Task prompt:
Pictures stay out of the copy. Transcribe exactly, and only, the line with "So the main" through the last line of the entries below.

--- Records for this task Enclosed Below ---

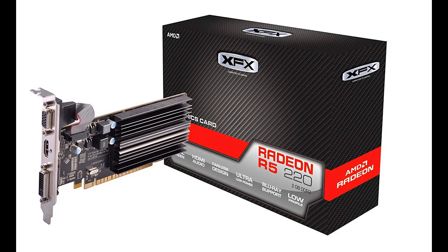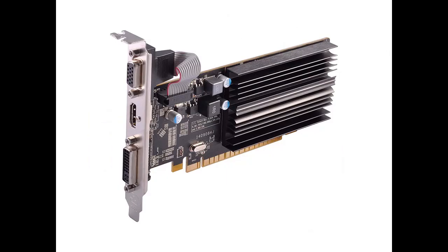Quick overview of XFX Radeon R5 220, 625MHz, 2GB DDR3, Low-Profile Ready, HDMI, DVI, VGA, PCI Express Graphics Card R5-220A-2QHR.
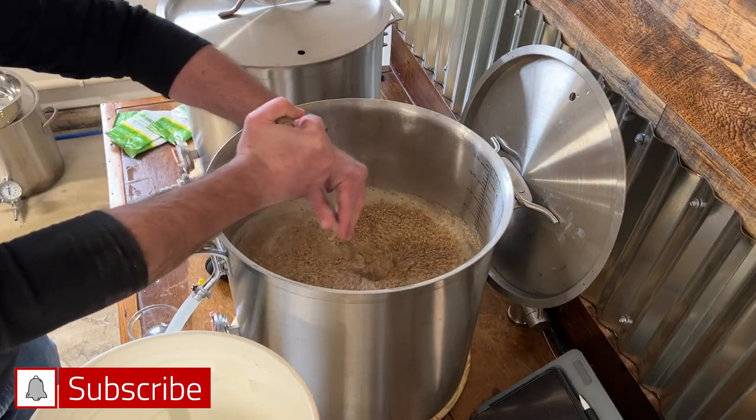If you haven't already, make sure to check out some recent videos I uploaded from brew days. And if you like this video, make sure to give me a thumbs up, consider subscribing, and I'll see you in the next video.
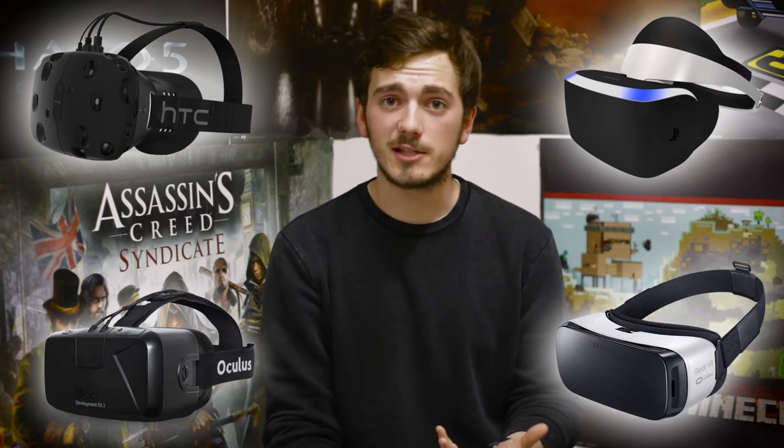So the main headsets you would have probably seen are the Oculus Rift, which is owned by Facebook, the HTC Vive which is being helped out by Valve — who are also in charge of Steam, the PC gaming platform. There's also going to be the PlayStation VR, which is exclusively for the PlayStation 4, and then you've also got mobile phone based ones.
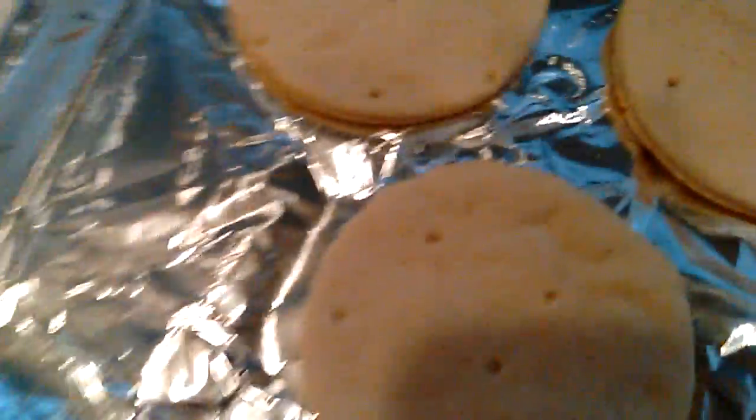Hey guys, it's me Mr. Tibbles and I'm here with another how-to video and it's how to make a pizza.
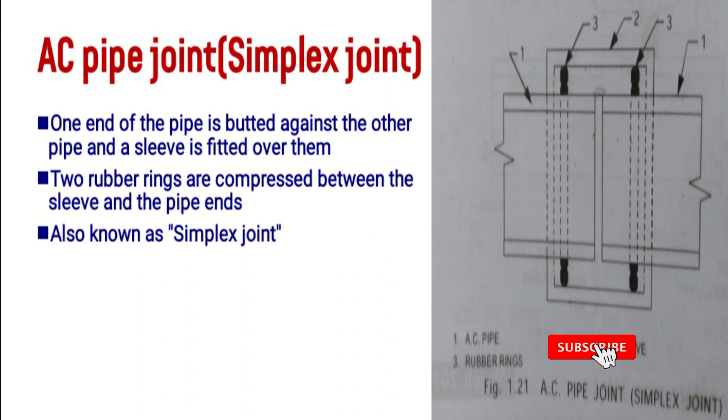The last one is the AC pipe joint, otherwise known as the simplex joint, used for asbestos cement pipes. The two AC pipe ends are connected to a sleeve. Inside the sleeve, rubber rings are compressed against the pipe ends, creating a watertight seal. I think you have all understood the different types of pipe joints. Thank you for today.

--- End of Enclosed Records for this task ---

Answer to the exercise:
So the main headsets you would have probably seen are the Oculus Rift, which is owned by Facebook, the HTC Vive which is being helped out by Valve — who are also in charge of Steam, the PC gaming platform. There's also going to be the PlayStation VR, which is exclusively for the PlayStation 4, and then you've also got mobile phone based ones.
Hey guys, it's me Mr. Tibbles and I'm here with another how-to video and it's how to make a pizza.
The last one is the AC pipe joint, otherwise known as the simplex joint, used for asbestos cement pipes. The two AC pipe ends are connected to a sleeve. Inside the sleeve, rubber rings are compressed against the pipe ends, creating a watertight seal. I think you have all understood the different types of pipe joints. Thank you for today.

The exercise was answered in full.